Biden hosted multiple in-person meetings at the White House with groups representing different wings of the Democratic caucus from both the House and the Senate to build consensus around his infrastructure and social spending packages.

Some of the meetings, which began Wednesday afternoon, include House Speaker Nancy Pelosi, D-Calif.; Senate Majority Leader Chuck Schumer, D-N.Y.; the leader of the Congressional Progressive Caucus, Rep. Pramila Jayapal, D-Wash.; and Senate Budget Committee Chairman Bernie Sanders, I-Vt.

“We made some good progress," Schumer told reporters after the meeting with Biden and Pelosi.

"We’re working hard and we’re moving along," he said.

Separately, Pelosi told reporters that the reconciliation bill is still on schedule after promising centrist lawmakers that it will come up for a vote in the House by Monday.

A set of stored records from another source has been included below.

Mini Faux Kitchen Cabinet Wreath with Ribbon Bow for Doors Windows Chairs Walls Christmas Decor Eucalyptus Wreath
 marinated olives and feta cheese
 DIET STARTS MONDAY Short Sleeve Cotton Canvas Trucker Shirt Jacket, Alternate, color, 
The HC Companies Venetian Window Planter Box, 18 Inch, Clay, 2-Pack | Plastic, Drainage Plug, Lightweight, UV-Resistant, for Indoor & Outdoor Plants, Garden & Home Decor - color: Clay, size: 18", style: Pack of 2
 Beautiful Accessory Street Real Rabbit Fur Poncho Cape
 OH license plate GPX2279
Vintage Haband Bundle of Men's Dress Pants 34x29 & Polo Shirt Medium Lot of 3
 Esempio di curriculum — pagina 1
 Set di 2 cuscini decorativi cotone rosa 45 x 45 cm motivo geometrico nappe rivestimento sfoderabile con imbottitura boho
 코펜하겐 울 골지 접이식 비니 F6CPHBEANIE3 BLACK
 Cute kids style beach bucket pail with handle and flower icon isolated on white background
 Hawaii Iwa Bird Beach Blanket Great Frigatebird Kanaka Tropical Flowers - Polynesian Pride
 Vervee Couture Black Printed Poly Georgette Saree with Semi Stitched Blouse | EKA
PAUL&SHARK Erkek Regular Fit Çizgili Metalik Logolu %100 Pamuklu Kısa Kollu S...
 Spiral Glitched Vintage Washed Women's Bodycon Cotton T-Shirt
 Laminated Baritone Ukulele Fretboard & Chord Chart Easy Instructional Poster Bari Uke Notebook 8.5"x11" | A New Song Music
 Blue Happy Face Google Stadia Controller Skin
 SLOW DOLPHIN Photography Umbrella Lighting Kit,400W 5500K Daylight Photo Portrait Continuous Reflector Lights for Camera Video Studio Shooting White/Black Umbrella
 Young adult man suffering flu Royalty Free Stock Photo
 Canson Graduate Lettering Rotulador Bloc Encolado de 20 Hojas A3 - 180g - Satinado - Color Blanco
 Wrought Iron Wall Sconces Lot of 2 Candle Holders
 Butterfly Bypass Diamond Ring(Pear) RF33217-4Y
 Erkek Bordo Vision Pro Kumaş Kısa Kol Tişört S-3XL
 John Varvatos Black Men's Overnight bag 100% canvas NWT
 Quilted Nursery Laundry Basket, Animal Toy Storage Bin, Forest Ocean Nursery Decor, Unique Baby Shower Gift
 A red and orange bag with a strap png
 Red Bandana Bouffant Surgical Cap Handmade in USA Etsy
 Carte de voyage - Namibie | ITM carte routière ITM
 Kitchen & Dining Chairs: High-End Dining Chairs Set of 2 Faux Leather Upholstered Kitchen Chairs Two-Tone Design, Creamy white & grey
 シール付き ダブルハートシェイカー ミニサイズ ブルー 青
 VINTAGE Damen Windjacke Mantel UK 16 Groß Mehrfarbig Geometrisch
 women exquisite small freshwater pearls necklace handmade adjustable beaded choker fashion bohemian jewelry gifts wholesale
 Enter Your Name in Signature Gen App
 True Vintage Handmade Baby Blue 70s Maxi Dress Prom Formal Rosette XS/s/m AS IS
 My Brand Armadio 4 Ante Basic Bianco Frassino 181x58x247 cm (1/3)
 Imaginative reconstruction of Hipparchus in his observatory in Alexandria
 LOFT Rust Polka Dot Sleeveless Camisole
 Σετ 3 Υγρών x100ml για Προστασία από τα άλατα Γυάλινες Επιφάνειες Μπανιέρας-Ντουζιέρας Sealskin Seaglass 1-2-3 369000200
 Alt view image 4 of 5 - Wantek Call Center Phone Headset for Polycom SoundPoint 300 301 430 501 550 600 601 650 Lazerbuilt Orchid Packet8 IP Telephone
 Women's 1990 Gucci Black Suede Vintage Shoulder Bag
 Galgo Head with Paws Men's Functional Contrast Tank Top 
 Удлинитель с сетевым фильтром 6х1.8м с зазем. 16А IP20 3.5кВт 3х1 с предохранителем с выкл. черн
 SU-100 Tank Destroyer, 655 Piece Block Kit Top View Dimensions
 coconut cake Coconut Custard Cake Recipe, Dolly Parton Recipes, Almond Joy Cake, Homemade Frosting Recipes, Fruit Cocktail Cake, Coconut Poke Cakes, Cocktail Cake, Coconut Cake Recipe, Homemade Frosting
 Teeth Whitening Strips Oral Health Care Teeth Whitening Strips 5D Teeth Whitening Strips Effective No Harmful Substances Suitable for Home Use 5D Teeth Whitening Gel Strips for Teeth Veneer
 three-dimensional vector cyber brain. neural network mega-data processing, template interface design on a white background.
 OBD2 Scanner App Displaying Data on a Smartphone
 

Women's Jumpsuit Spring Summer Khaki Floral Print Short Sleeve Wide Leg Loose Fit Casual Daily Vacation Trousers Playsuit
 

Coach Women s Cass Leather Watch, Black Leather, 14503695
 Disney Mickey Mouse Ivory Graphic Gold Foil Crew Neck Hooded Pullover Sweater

"We're calm, and everybody's good, and our work's almost done," Pelosi said.

The meetings are an effort to break the stalemate among House Democrats, which threatens to derail Biden’s domestic agenda. Progressive lawmakers have said they won’t back the Senate-passed infrastructure bill, a top priority for the Democratic leadership, unless the larger $3.5 trillion reconciliation package passes first.

Jayapal has promised that dozens of Democrats will defect and vote the infrastructure bill down if the larger spending bill hasn't passed the Senate first.

Moderate Democratic Rep. Stephanie Murphy of Florida said a vote Monday on the infrastructure measure is still expected after a meeting with Biden and other moderate lawmakers.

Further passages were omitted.